Practitioner Profile: Matteo Pedercini, Millennium Institute

Welcome to Practitioner Profiles, a series of up-close blog-length interviews with experienced System Dynamics practitioners.  We have a standard set of 10 questions and let practitioners take the responses in any direction they choose.  They tell us about who they are, how they got involved with the field, how they work with clients, and in what new directions they may be heading.  A new profile will be posted every few weeks during 2021. 

For any questions or comments, please contact the editors of these interviews, Dr. Jack Homer (jack@homerconsulting.com) and Dr. Saras Chung (saras@skipdesigned.com). 

For today’s spotlight, we talked with Matteo Pedercini from the Millennium Institute.

lWhat kinds of SD project applications does Millennium Institute do?

We develop integrated simulation models for national planning, with the purpose of providing national governments with the tools and capacity to create sustainable development strategies.

What is distinctive in your approach to SD projects?  

I can think of two ways our approach is distinctive.  First, our primary goal is to provide tools and capacity, so that our client-partners can eventually perform the required analysis themselves.  Second, most of our modeling starts from a “template” that accumulates the learning from each country project into an ever-enriching framework.

In what way is MI perhaps different from other organizations doing SD project work?

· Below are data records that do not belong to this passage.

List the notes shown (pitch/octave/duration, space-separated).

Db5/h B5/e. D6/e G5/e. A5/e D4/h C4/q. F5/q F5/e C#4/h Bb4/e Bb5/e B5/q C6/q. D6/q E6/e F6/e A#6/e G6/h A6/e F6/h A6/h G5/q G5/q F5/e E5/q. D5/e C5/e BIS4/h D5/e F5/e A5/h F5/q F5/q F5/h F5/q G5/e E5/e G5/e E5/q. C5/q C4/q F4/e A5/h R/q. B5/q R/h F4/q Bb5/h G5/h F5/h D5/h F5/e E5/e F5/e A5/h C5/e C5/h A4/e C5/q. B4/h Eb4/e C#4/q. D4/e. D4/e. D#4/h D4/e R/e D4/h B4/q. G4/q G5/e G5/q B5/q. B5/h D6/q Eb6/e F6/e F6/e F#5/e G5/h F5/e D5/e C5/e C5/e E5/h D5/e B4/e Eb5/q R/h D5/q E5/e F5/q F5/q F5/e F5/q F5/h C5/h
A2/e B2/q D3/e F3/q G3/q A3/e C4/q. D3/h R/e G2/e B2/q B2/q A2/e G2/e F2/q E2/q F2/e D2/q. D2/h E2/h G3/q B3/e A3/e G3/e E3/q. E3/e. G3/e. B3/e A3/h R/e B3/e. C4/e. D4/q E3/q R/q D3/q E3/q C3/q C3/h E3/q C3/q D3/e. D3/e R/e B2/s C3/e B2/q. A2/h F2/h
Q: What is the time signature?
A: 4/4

I think we are an especially open organization, with a flat network structure, that allows all of us to express our ideas and learn from one another.

What is your role at MI?

I supervise our project work and facilitate knowledge exchange within the organization.

How did you originally get interested in SD, and when was that?

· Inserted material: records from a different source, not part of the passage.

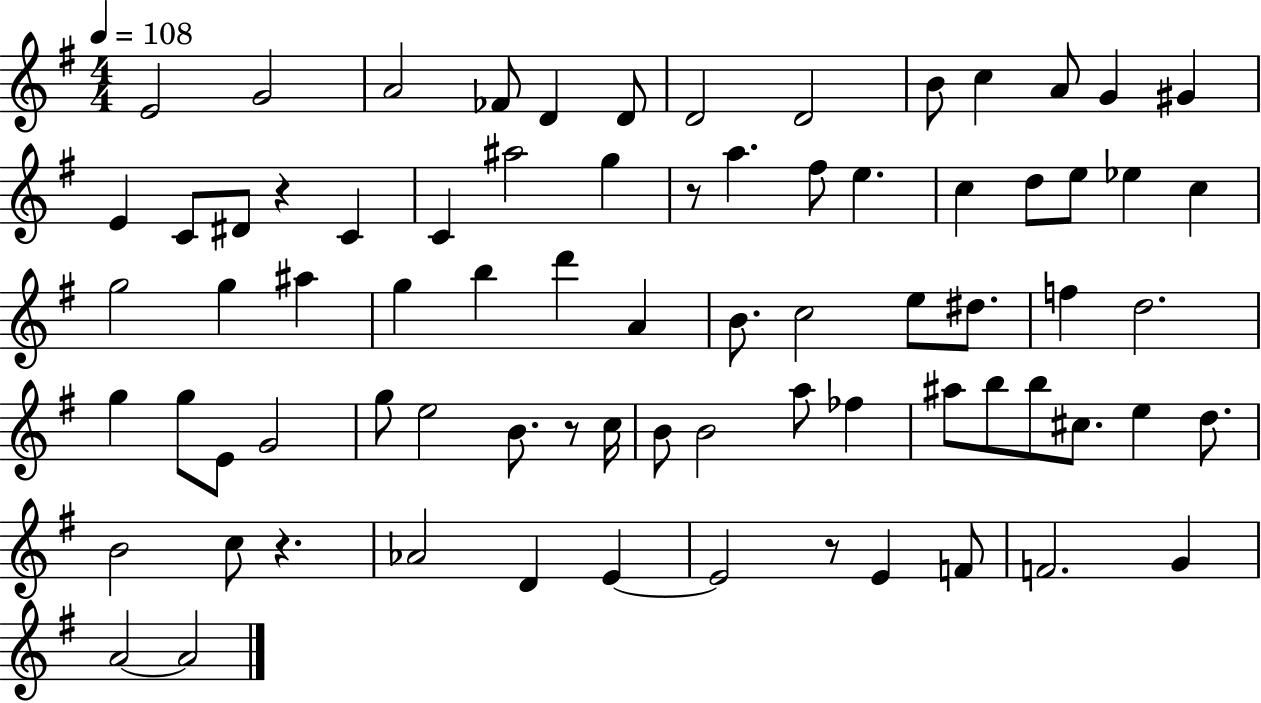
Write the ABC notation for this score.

X:1
T:Untitled
M:4/4
L:1/4
K:G
E2 G2 A2 _F/2 D D/2 D2 D2 B/2 c A/2 G ^G E C/2 ^D/2 z C C ^a2 g z/2 a ^f/2 e c d/2 e/2 _e c g2 g ^a g b d' A B/2 c2 e/2 ^d/2 f d2 g g/2 E/2 G2 g/2 e2 B/2 z/2 c/4 B/2 B2 a/2 _f ^a/2 b/2 b/2 ^c/2 e d/2 B2 c/2 z _A2 D E E2 z/2 E F/2 F2 G A2 A2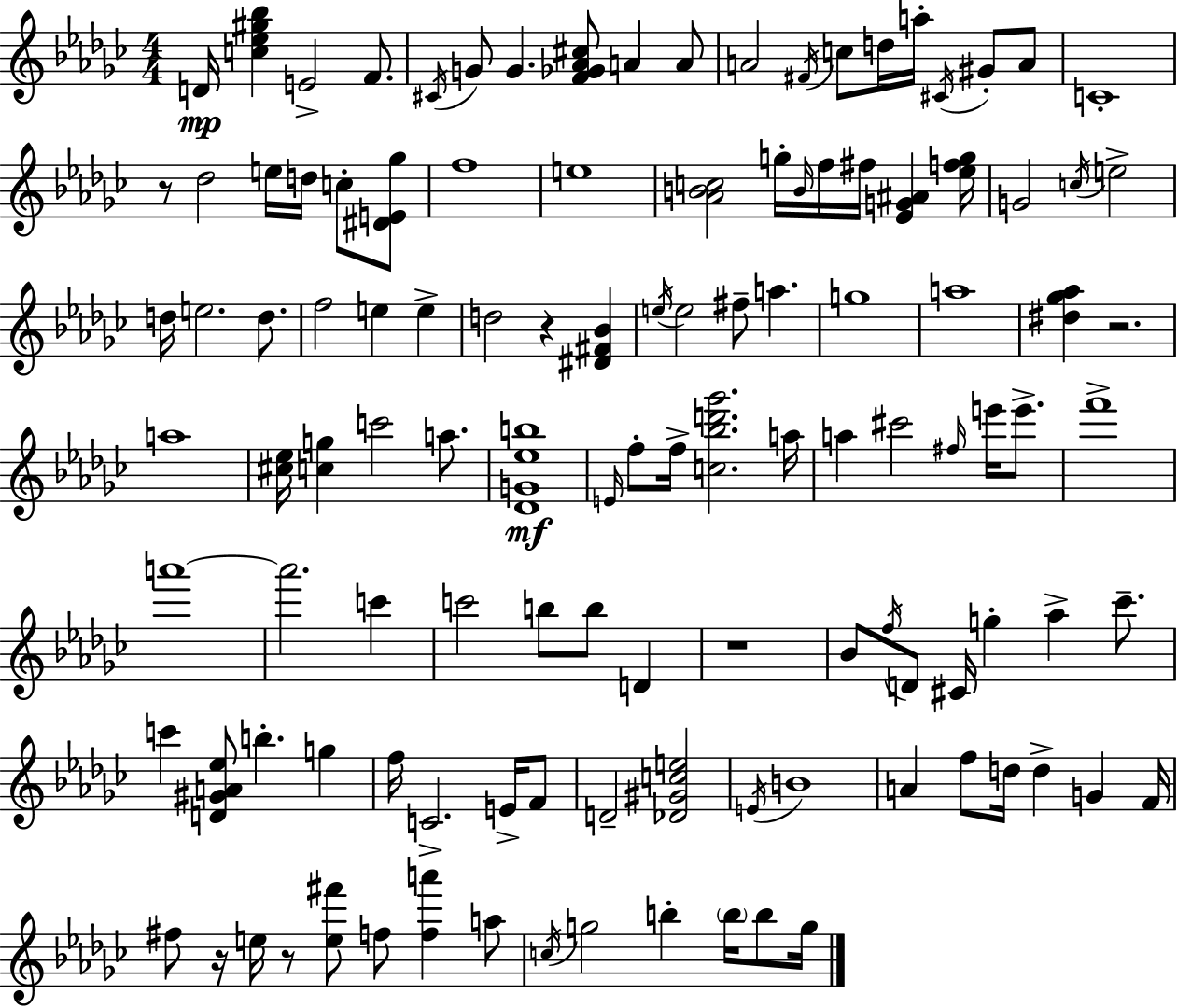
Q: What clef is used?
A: treble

My first exposure to SD goes back to the mid-nineties, when I first played the Beer Game and did some very preliminary modeling at undergraduate level.  I got so passionate about it that I started looking for self-instruction materials—for example, Road Maps—reading avidly anything I could find.  The Fifth Discipline was also influential for me.  At the time, I was working for an NGO in Central Africa, and the systems perspective that I was slowly building was proving to be a tremendously effective framework for understanding the issues I was trying to address.

What individuals or organizations are inspirations to you?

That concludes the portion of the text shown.